## What you are asked to do
Please repeat the records below exactly, skipping any pictures.

## Excerpted records
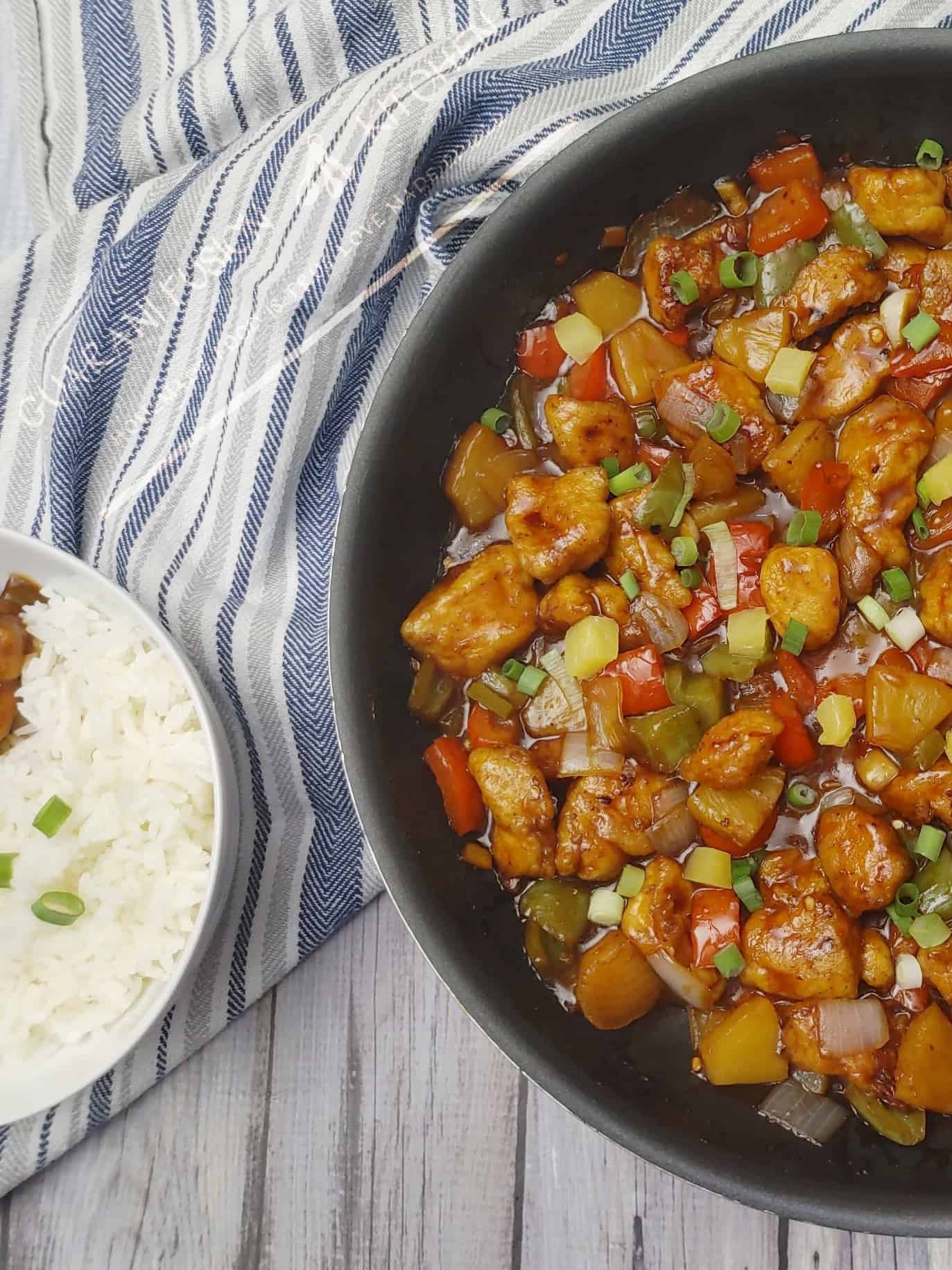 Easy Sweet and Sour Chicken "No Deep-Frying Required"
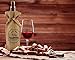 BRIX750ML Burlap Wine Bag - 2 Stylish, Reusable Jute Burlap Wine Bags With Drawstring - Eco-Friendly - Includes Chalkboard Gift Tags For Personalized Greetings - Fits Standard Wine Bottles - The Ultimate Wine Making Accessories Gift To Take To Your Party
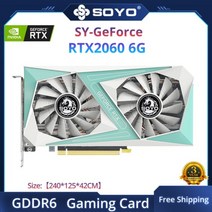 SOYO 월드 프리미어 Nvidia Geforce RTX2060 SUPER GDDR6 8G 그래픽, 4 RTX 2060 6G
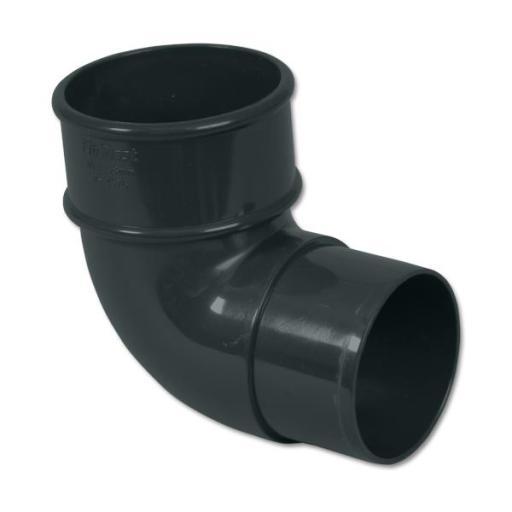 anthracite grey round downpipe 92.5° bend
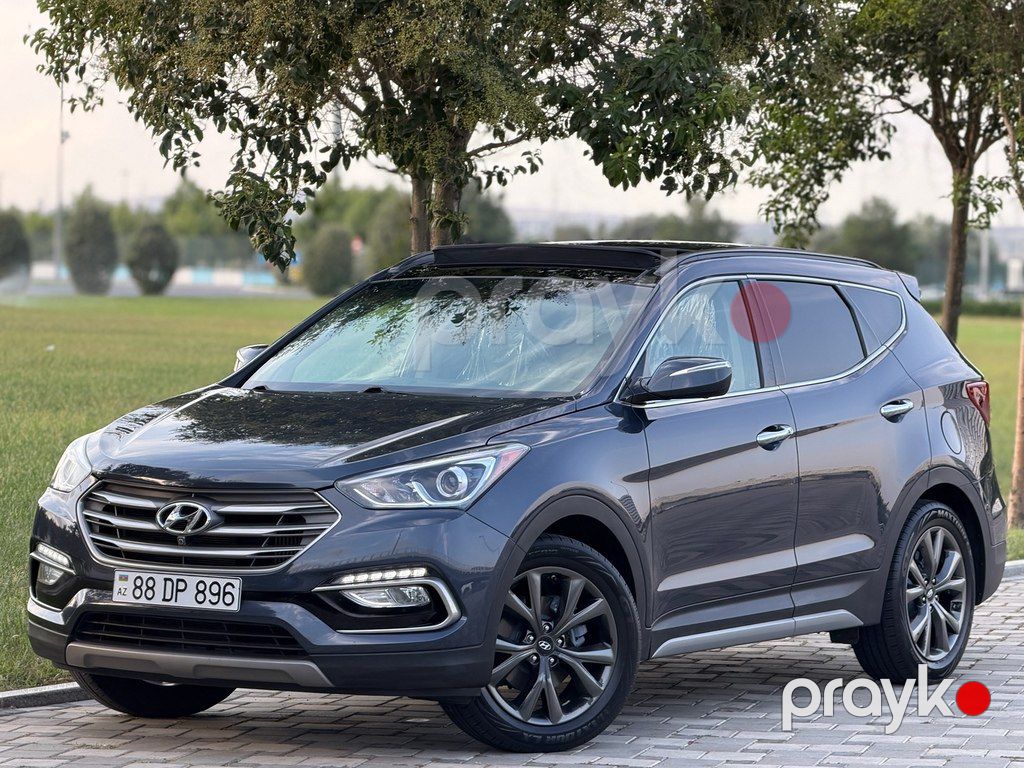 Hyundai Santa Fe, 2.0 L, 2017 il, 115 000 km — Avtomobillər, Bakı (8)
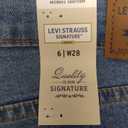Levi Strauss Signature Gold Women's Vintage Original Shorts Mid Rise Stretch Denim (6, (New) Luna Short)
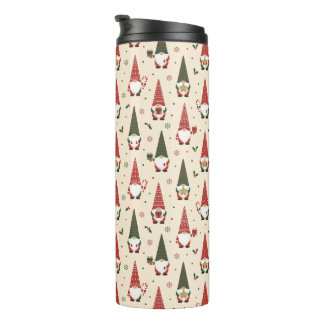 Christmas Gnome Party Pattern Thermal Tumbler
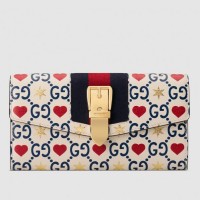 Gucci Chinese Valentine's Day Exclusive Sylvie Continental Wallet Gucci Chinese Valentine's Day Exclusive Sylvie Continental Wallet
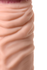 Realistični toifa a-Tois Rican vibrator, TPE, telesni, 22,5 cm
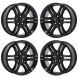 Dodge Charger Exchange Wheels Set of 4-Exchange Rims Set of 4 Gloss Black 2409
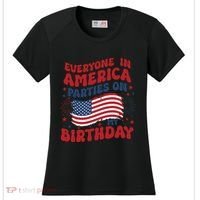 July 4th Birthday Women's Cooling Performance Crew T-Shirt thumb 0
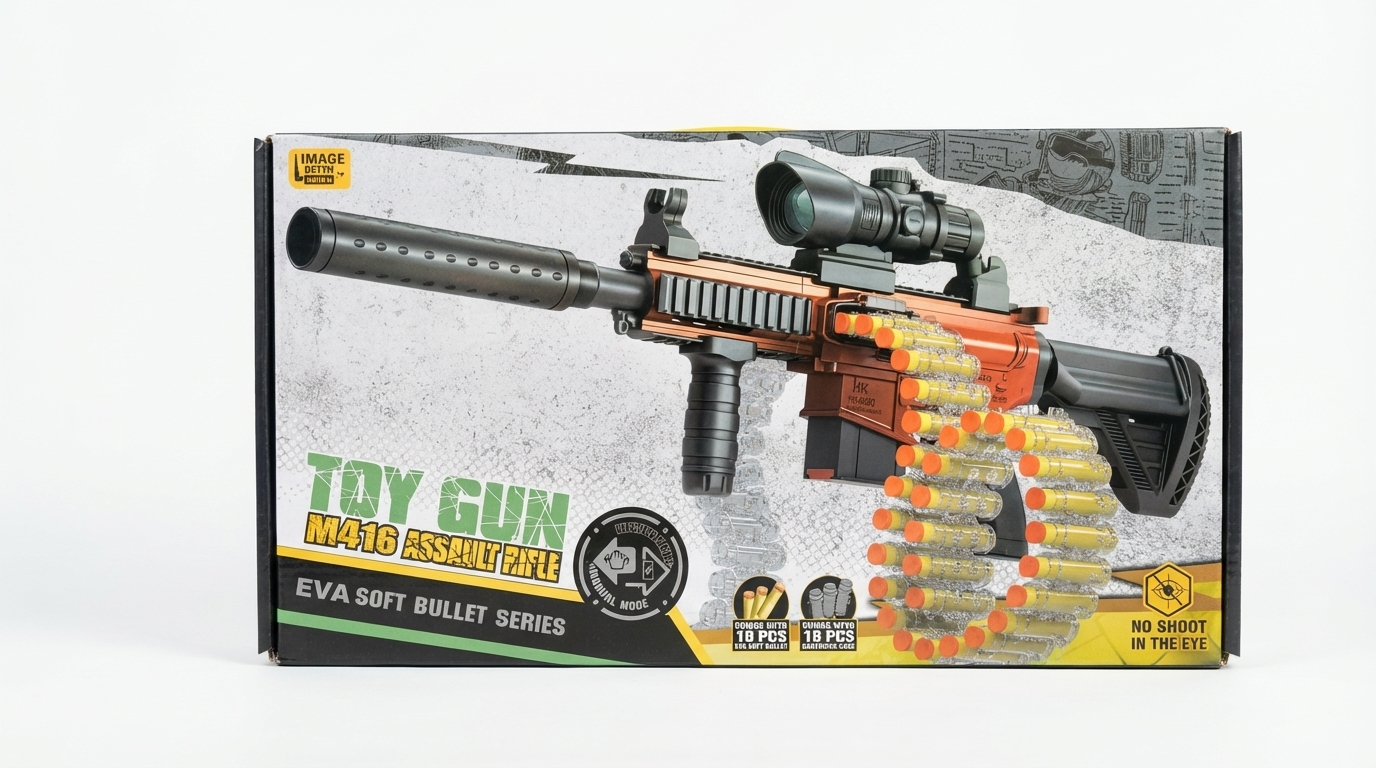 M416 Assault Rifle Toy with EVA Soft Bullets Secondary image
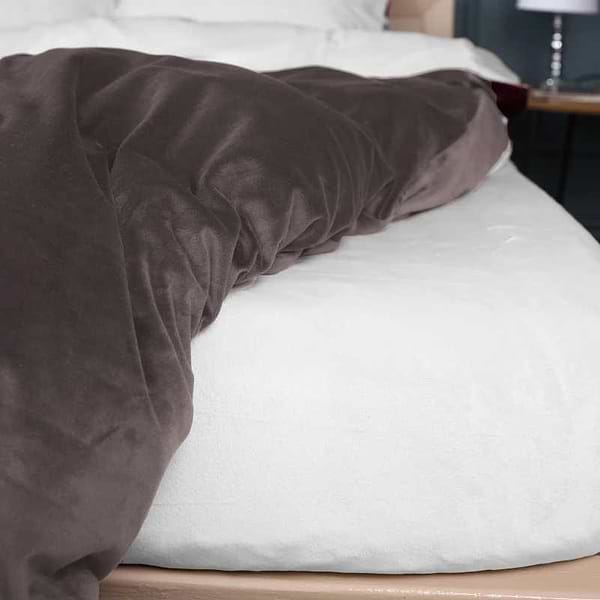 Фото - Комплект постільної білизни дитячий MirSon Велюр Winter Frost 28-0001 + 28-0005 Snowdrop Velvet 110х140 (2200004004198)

## Solution for this task
 Easy Sweet and Sour Chicken "No Deep-Frying Required"
 BRIX750ML Burlap Wine Bag - 2 Stylish, Reusable Jute Burlap Wine Bags With Drawstring - Eco-Friendly - Includes Chalkboard Gift Tags For Personalized Greetings - Fits Standard Wine Bottles - The Ultimate Wine Making Accessories Gift To Take To Your Party
 SOYO 월드 프리미어 Nvidia Geforce RTX2060 SUPER GDDR6 8G 그래픽, 4 RTX 2060 6G
 anthracite grey round downpipe 92.5° bend
 Hyundai Santa Fe, 2.0 L, 2017 il, 115 000 km — Avtomobillər, Bakı (8)
Levi Strauss Signature Gold Women's Vintage Original Shorts Mid Rise Stretch Denim (6, (New) Luna Short)
 Christmas Gnome Party Pattern Thermal Tumbler
 Gucci Chinese Valentine's Day Exclusive Sylvie Continental Wallet Gucci Chinese Valentine's Day Exclusive Sylvie Continental Wallet
 Realistični toifa a-Tois Rican vibrator, TPE, telesni, 22,5 cm
 Dodge Charger Exchange Wheels Set of 4-Exchange Rims Set of 4 Gloss Black 2409
 July 4th Birthday Women's Cooling Performance Crew T-Shirt thumb 0
 M416 Assault Rifle Toy with EVA Soft Bullets Secondary image
 Фото - Комплект постільної білизни дитячий MirSon Велюр Winter Frost 28-0001 + 28-0005 Snowdrop Velvet 110х140 (2200004004198)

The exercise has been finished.